_Provided information_:
[Start of section]

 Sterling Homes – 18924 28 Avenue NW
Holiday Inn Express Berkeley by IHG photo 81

[End of section]
[Start of section]

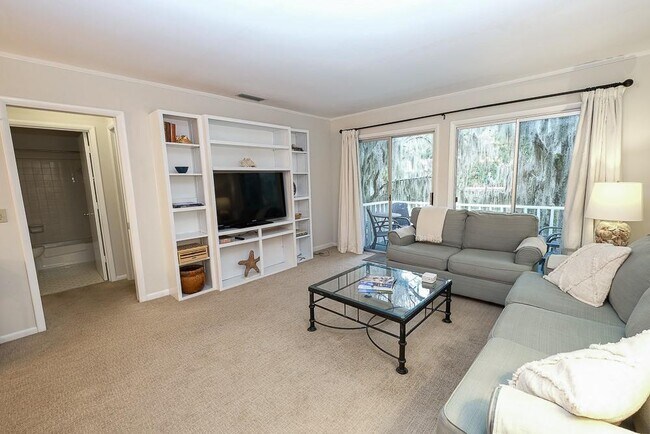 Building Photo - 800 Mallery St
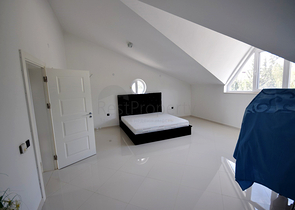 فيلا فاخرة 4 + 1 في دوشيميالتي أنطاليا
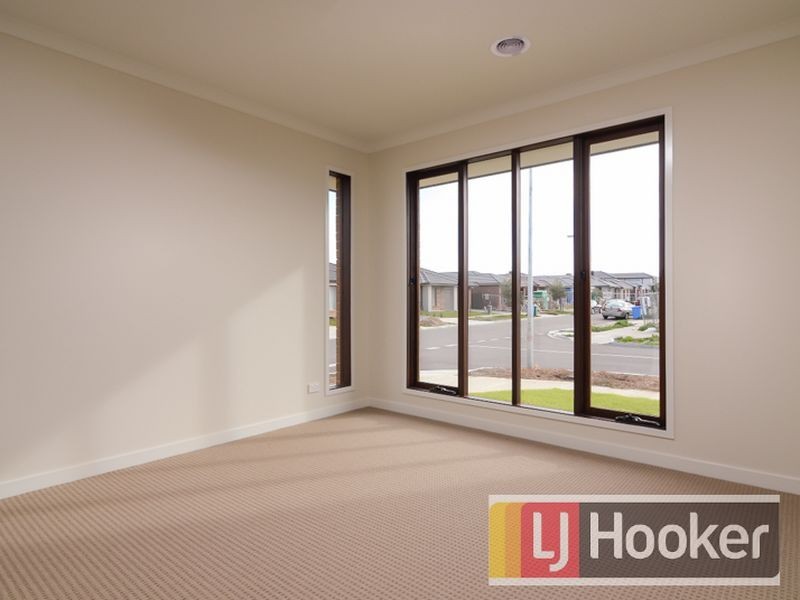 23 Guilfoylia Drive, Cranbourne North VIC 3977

[End of section]
[Start of section]

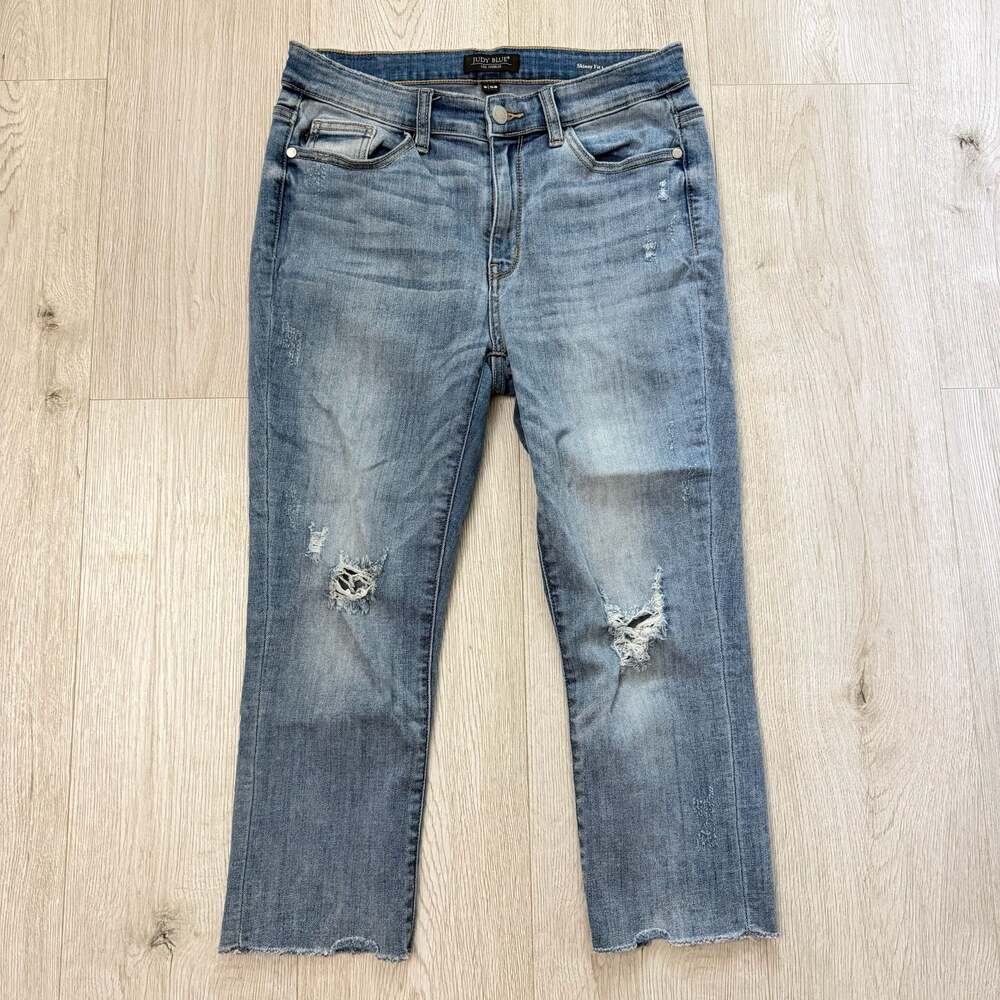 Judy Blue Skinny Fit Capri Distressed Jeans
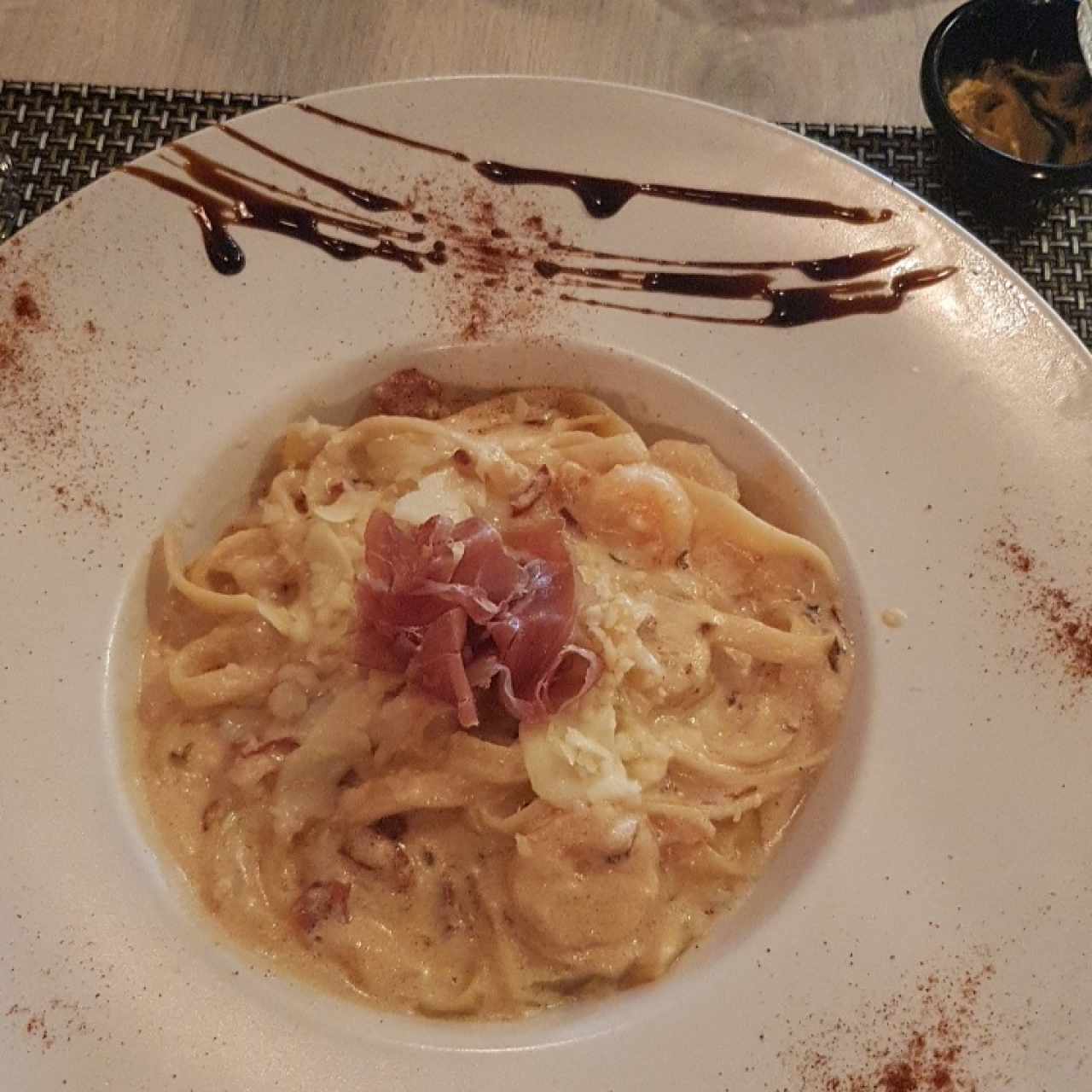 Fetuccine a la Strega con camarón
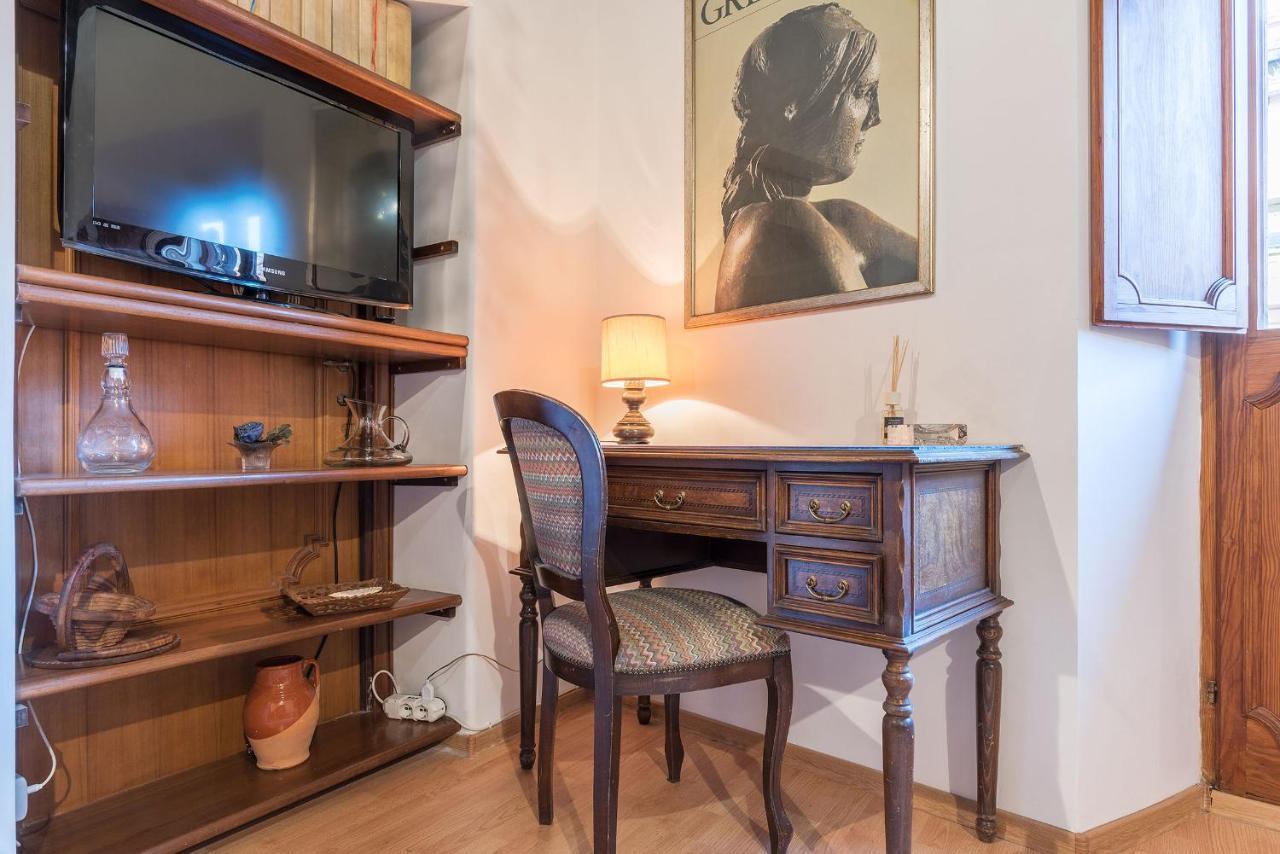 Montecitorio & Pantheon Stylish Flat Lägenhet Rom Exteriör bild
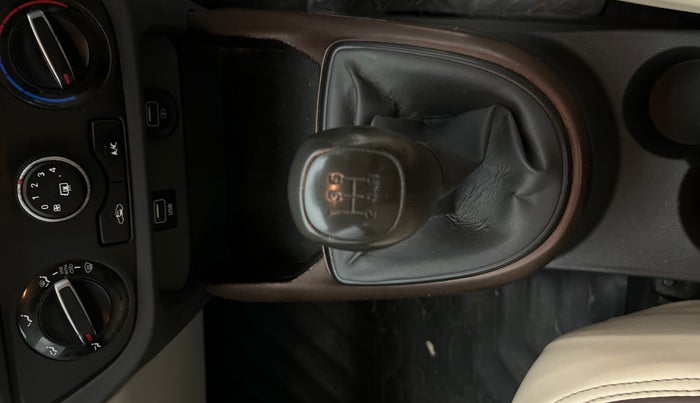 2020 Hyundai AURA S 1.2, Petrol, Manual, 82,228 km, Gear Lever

[End of section]

_What to do_: Take the listing above and repeat exactly the lines from the one containing "Sterling Homes – 18924 28 Avenue NW" through the one containing "Holiday Inn Express Berkeley by IHG photo 81", both included.

_Exercise response_:
 Sterling Homes – 18924 28 Avenue NW
Holiday Inn Express Berkeley by IHG photo 81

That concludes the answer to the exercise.